**ACTIVITY**
The result should be an exact copy of only the lines from the one with "Luca Iorgu - Tornero" through the last line of the data below, with pictures omitted.

**SOURCE MATERIAL**
***

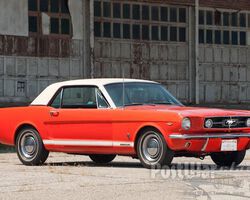 Ford Mustang GT Coupe 1965 for sale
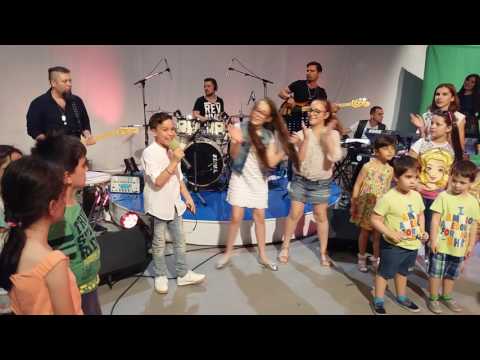 Luca Iorgu - Tornero ( by M I H A I ) @ TVR, 2017 ...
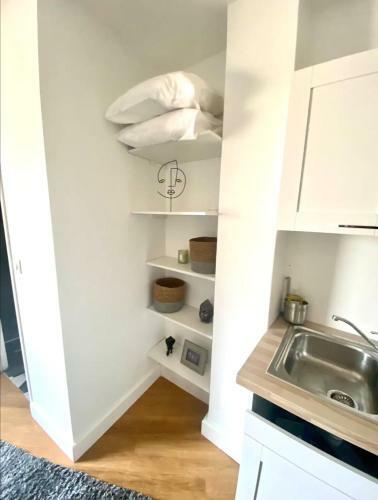 Apartamento Studio Neuf Plein Centre Lorient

***

**EXERCISE RESPONSE**
 Luca Iorgu - Tornero ( by M I H A I ) @ TVR, 2017 ...
 Apartamento Studio Neuf Plein Centre Lorient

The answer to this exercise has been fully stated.